On Wed, 9 Feb 2011 22:21:17 +0900
Namhyung Kim <[email protected]> wrote:

> free_pcppages_bulk() frees pages from pcp lists in a round-robin
> fashion by keeping batch_free counter. But it doesn't need to spin
> if there is only one non-empty list. This can be checked by
> batch_free == MIGRATE_PCPTYPES.
>
> Signed-off-by: Namhyung Kim <[email protected]>
> ---
> mm/page_alloc.c | 4 ++++
> 1 files changed, 4 insertions(+), 0 deletions(-)
>
> diff --git a/mm/page_alloc.c b/mm/page_alloc.c
> index a873e61e312e..470fb42e303c 100644
> --- a/mm/page_alloc.c
> +++ b/mm/page_alloc.c
> @@ -614,6 +614,10 @@ static void free_pcppages_bulk(struct zone *zone, int count,
> list = &pcp->lists[migratetype];
> } while (list_empty(list));
>
> + /* This is an only non-empty list. Free them all. */
> + if (batch_free == MIGRATE_PCPTYPES)
> + batch_free = to_free;
> +
> do {
> page = list_entry(list->prev, struct page, lru);
> /* must delete as __free_one_page list manipulates */

free_pcppages_bulk() hurts my brain.

What is it actually trying to do, and why? It counts up the number of
contiguous empty lists and then frees that number of pages from the
first-encountered non-empty list and then advances onto the next list?

What's the point in that?

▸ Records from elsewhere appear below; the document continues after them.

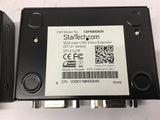 Startech ST121UTP VGA Video Extender Cat 5 490'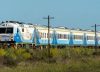 Peregrinación a Luján 2025: el tren Sarmiento brindará servicios especiales durante el fin de semana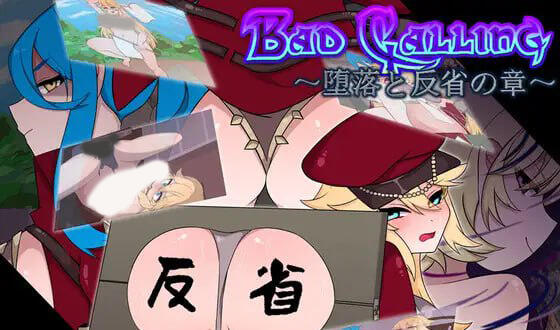 x20036异世界归来的我错过了爱情 STEAM官中[新作/24G]-ACG游戏网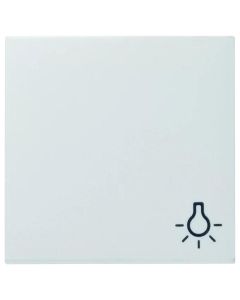 100005401-0:c60a3e4395d31e3876ba1152470123a2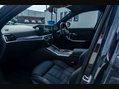 BMW 3 Series 2.0 330e xDrive M Sport Auto 4WD 5dr 9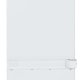 Liebherr ICUNS 3324 frigorifero con congelatore Da incasso 256 L Bianco 6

What relationship does the number of
contiguous empty lists have with the number of pages to free from one
list?

The comment "This is so more pages are freed off fuller lists instead
of spinning excessively around empty lists" makes no sense - the only
way this can be true is if the code knows the number of elements on
each list, and it doesn't know that.

Also, the covering comments over free_pcppages_bulk() regarding the
pages_scanned counter and the "all pages pinned" logic appear to be out
of date. Or, alternatively, those comments do reflect the desired
design, but we broke it.


Methinks that free_pcppages_bulk() is an area ripe for simplification
and clarification.

2011-02-09 21:33:47

by Johannes Weiner

[permalink] [raw]
Subject: Re: [PATCH] mm: batch-free pcp list if possible

On Wed, Feb 09, 2011 at 12:38:03PM -0800, Andrew Morton wrote:
> On Wed, 9 Feb 2011 22:21:17 +0900
> Namhyung Kim <[email protected]> wrote:
>
> > free_pcppages_bulk() frees pages from pcp lists in a round-robin
> > fashion by keeping batch_free counter. But it doesn't need to spin
> > if there is only one non-empty list. This can be checked by
> > batch_free == MIGRATE_PCPTYPES.
> >
> > Signed-off-by: Namhyung Kim <[email protected]>
> > ---
> > mm/page_alloc.c | 4 ++++
> > 1 files changed, 4 insertions(+), 0 deletions(-)
> >
> > diff --git a/mm/page_alloc.c b/mm/page_alloc.c
> > index a873e61e312e..470fb42e303c 100644
> > --- a/mm/page_alloc.c
> > +++ b/mm/page_alloc.c
> > @@ -614,6 +614,10 @@ static void free_pcppages_bulk(struct zone *zone, int count,
> > list = &pcp->lists[migratetype];
> > } while (list_empty(list));
> >
> > + /* This is an only non-empty list. Free them all. */
> > + if (batch_free == MIGRATE_PCPTYPES)
> > + batch_free = to_free;
> > +
> > do {
> > page = list_entry(list->prev, struct page, lru);
> > /* must delete as __free_one_page list manipulates */
>
> free_pcppages_bulk() hurts my brain.

Thanks for saying that ;-)

> What is it actually trying to do, and why? It counts up the number of
> contiguous empty lists and then frees that number of pages from the
> first-encountered non-empty list and then advances onto the next list?
>
> What's the point in that? What relationship does the number of
> contiguous empty lists have with the number of pages to free from one
> list?

It at least recovers some of the otherwise wasted effort of looking at
an empty list, by flushing more pages once it encounters a non-empty
list. After all, freeing to_free pages is the goal.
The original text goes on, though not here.